Senior Chief Petty Officer Kevin M. Curtis had faced a maximum punishment of seven years' confinement and a bad conduct discharge. The jury found him not guilty of dozens more charges that could have put him behind bars for more than 50 years.
Curtis, formerly the head of the security department aboard the aircraft carrier George H.W. Bush, was convicted of fraternization, disrespecting a superior officer and cruelty toward and maltreatment of four sailors who worked for him as first- and second-class petty officers.
The jury found him not guilty of the most serious charge, aggravated assault, in which he was accused of choking a sailor with an elastic exercise band. Nor was he convicted of 15 counts of assault stemming from allegations he stapled sailors' skin, sprayed them with pepper spray, threw them into walls and illegally handcuffed them. Curtis had vehemently denied those allegations.

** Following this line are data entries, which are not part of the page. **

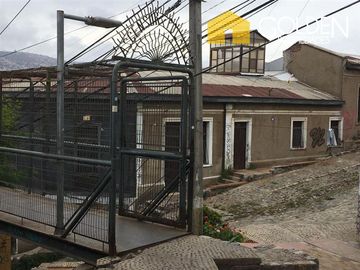 Local Comercial en Venta en ASCENSOR POLANCO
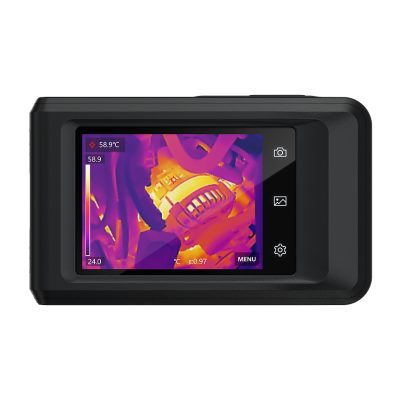 PocketE (HM-TP40-1AQF/W-PocketE) (1.35mm)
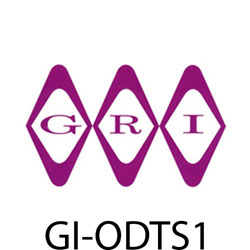 GRI ODTS-1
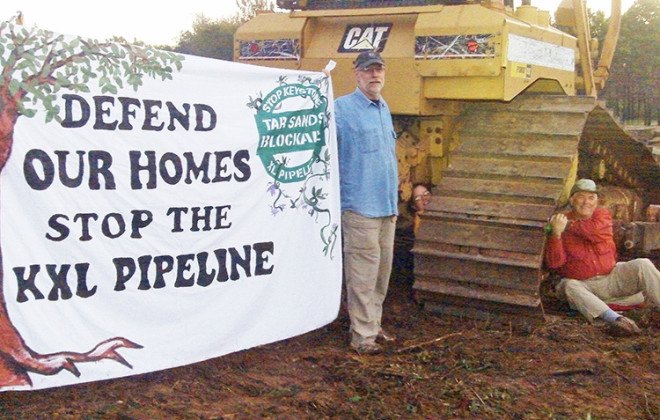 keystone pipeline, keystone XL, keystone pipeline food security, keystone pipeline climate change, keystone politics, keystone pipeline policy, fracking, drilling, gas, shale, pennsylvania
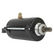 ARROWHEAD starteris vandens motociklams HONDA AQUATRAX 02-07 1235CC 31200-HW1-671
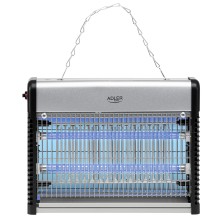 Adler, Insects killer lamp LED, AD 7940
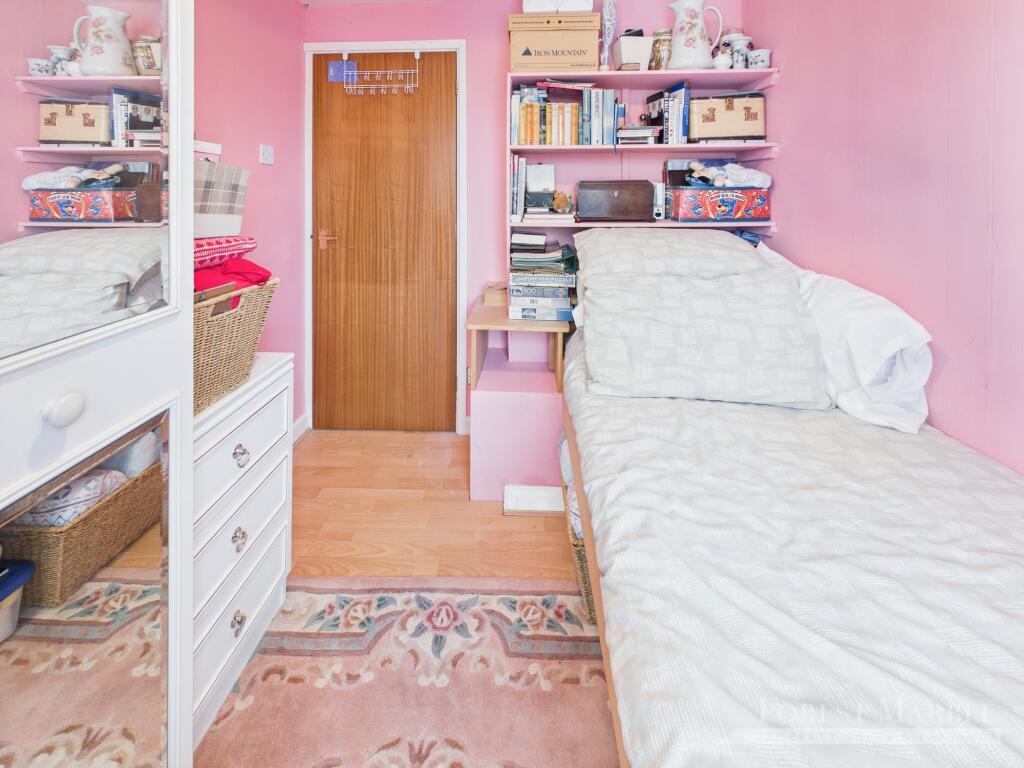 Additional image 11 of Park Hill Drive, Frome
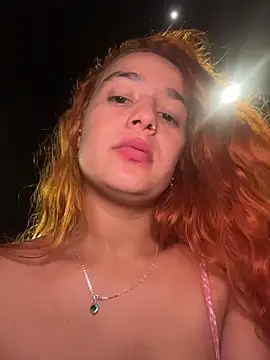 isabella ferrer99 online show from 04-05-26, 07:27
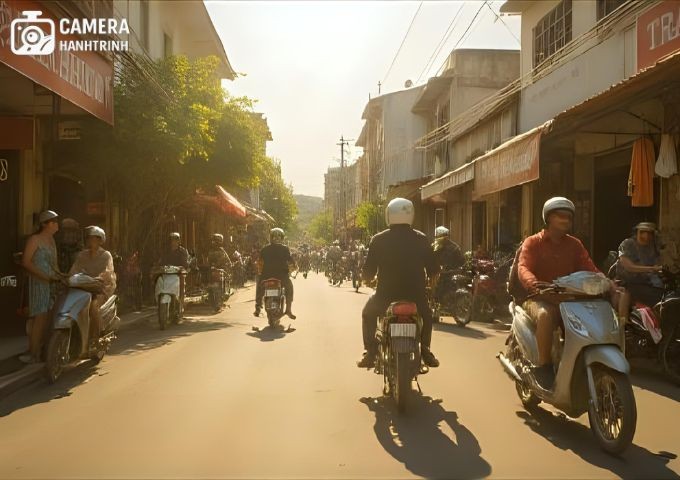 xa-minh-thanh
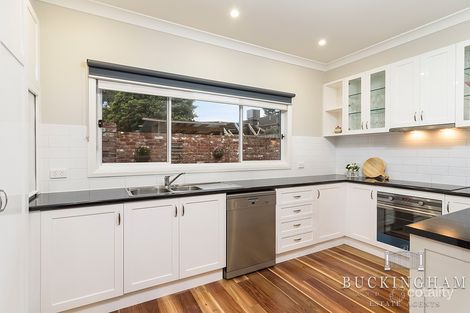 Property photo of 2/15 Wattle Avenue Montmorency VIC 3094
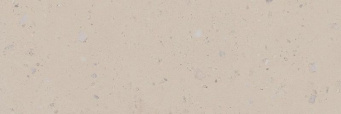 KM3090B0211R Тараскон бежевый светлый матовый обрезной 30x89,5x0,9 плитка КЕРАМА МАРАЦЦИ фото KM3090B0211R Тараскон бежевый светлый матовый обрезной 30x89,5x0,9 плитка КЕРАМА МАРАЦЦИ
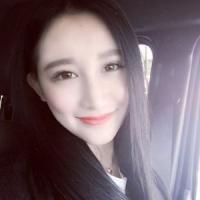 恩。 累的时候想想你更累了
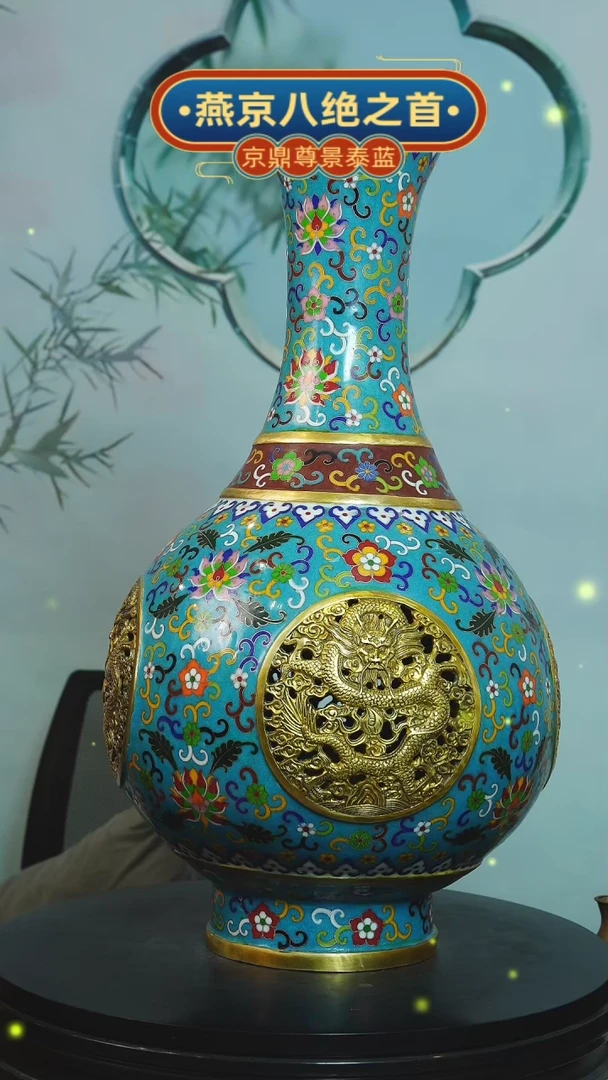 【闪购商品】一对高货111111111111111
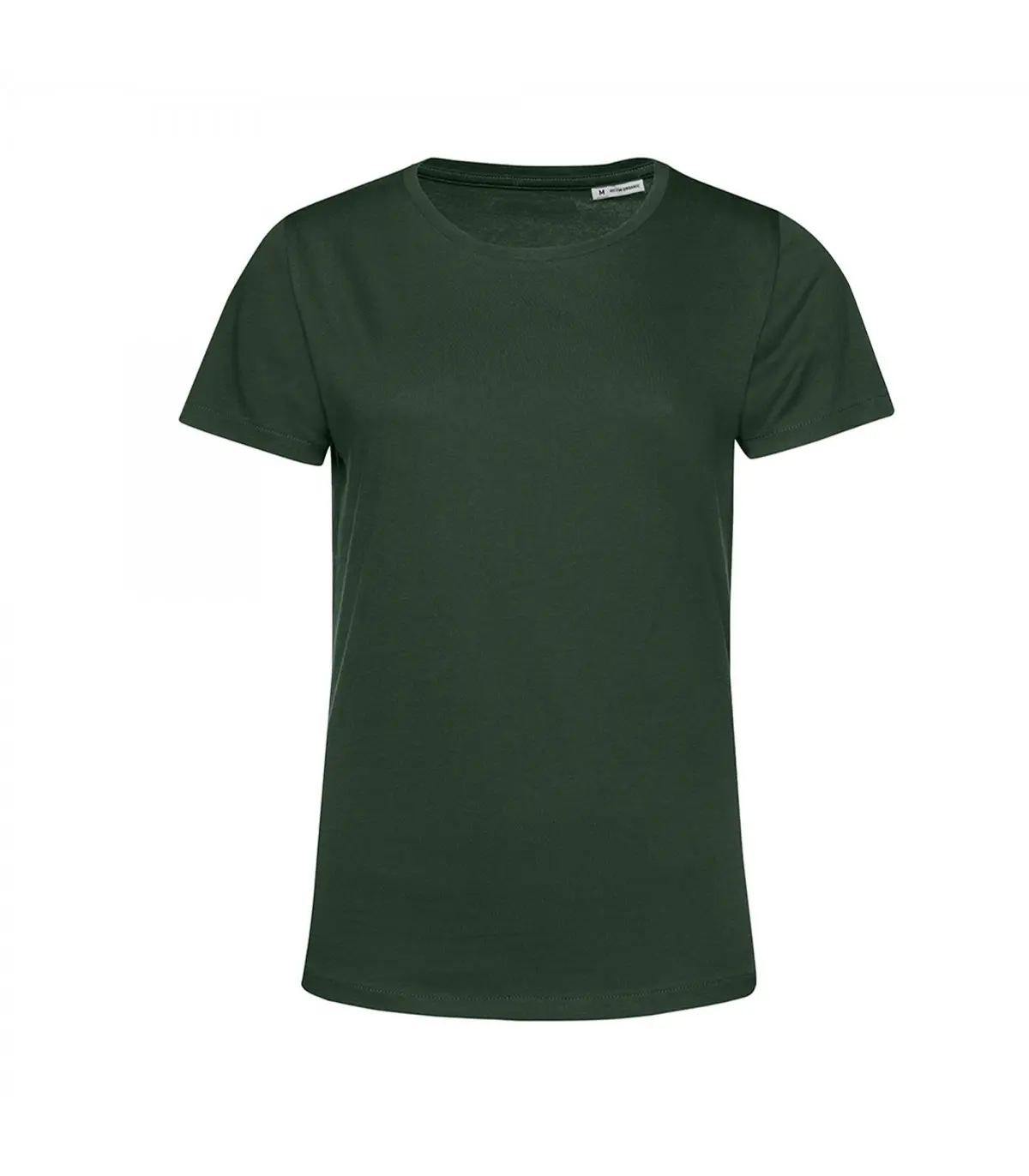 B&C B&C B&C INSPIRE E150 WOMEN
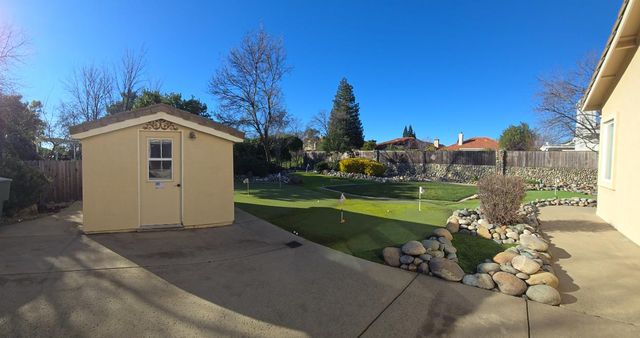 2212 Live Oak Ct, Rocklin, CA 95765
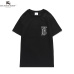 3Burberry T-Shirts for men and women #99874057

Prosecutors had argued that Curtis' failures began at the administrative level, when he didn't complete and send routine leave requests, qualification forms and advancement packages. They went much deeper, prosecutors said, to include telling sailors to lie to the chain of command, engaging in violent horseplay and scaring them into submission to ensure they didn't report his mistreatment.
Curtis, a 17-year Navy veteran, acknowledged it was wrong to regularly engage in horseplay with the younger masters-at-arms assigned to his department. But the wrestling and grappling was mutual and consensual, he said, and would stop if they asked or indicated they were in pain.
Rick Morris, Curtis' defense attorney, argued that three of the four sailors who accused him of assault had axes to grind against their former boss.
Curtis was found guilty of disrespecting the officer who was his immediate superior by describing him with expletives and referring to him as an idiot in front of junior sailors.
The fraternization conviction involved Curtis asking a subordinate to loan him $1,000. He later repaid part of it and was ordered to return the rest of the money after one of his bosses learned about the loan. Navy regulations forbid sailors of different ranks from "unduly familiar" contact, which includes borrowing or lending money.